> _Work order_
What do the lines from the top of the data through the line with "Outdoor fashion photo" say? Quote them exactly and include both ends.

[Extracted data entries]

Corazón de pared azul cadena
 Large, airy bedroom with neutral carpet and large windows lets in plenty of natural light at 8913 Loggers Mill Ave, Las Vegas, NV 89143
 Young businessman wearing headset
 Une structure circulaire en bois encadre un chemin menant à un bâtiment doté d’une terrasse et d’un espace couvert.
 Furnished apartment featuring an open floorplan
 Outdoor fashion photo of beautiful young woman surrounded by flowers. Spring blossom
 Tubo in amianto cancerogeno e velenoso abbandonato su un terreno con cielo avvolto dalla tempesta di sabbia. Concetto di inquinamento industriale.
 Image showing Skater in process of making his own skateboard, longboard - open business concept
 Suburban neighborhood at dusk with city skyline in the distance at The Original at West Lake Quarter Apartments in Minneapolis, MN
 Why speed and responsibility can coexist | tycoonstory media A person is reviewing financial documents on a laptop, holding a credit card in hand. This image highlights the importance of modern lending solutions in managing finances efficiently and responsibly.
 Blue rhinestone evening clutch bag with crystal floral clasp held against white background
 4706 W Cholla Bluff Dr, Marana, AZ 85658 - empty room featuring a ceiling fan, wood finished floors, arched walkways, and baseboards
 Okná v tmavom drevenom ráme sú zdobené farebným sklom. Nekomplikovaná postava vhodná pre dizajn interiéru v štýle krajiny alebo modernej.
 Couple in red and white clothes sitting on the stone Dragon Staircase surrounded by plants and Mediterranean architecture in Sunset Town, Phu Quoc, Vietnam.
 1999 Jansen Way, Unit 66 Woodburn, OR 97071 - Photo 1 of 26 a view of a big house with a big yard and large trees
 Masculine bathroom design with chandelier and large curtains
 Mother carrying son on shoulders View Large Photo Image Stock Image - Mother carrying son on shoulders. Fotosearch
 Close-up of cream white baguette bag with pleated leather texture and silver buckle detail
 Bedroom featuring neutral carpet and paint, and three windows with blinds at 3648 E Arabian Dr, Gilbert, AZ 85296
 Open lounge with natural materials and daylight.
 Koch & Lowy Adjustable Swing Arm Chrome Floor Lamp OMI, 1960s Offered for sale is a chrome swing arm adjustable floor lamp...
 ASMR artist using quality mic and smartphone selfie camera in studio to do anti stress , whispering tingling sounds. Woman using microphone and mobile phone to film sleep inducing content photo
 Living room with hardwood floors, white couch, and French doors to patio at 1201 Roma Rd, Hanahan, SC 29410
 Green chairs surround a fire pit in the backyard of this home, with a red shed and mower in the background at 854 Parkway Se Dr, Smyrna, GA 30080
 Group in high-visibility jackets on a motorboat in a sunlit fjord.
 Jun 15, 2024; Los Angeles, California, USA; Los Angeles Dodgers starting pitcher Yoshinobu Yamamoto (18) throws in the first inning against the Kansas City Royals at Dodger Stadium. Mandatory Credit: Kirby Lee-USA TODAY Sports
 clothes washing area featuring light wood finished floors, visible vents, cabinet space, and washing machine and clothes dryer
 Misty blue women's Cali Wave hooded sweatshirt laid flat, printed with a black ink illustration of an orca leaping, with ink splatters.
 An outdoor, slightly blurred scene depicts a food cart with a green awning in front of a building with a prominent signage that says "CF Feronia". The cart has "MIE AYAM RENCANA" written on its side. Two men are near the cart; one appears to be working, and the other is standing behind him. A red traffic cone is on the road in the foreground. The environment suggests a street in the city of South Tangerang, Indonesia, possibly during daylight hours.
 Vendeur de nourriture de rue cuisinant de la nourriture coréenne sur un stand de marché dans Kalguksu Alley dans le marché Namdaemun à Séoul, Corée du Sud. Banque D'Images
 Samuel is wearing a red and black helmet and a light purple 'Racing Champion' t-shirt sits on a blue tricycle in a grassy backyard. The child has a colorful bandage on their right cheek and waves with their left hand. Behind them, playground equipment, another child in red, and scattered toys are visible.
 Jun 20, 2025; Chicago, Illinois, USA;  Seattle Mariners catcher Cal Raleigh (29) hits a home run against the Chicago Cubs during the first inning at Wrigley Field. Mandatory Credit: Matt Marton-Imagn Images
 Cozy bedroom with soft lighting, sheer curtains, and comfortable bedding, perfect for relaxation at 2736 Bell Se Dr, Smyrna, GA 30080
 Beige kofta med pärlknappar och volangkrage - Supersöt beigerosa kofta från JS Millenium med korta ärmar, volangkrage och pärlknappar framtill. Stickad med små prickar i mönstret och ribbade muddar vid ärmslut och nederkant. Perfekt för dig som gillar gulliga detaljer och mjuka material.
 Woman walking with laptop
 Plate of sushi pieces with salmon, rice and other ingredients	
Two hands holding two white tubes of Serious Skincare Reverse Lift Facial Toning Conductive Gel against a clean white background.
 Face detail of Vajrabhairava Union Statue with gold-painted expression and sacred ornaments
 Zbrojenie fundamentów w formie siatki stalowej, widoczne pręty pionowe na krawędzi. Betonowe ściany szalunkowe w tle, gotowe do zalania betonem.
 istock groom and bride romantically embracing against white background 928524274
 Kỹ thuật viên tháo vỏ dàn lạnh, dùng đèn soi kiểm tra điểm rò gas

> _Response to the exercise_
Corazón de pared azul cadena
 Large, airy bedroom with neutral carpet and large windows lets in plenty of natural light at 8913 Loggers Mill Ave, Las Vegas, NV 89143
 Young businessman wearing headset
 Une structure circulaire en bois encadre un chemin menant à un bâtiment doté d’une terrasse et d’un espace couvert.
 Furnished apartment featuring an open floorplan
 Outdoor fashion photo of beautiful young woman surrounded by flowers. Spring blossom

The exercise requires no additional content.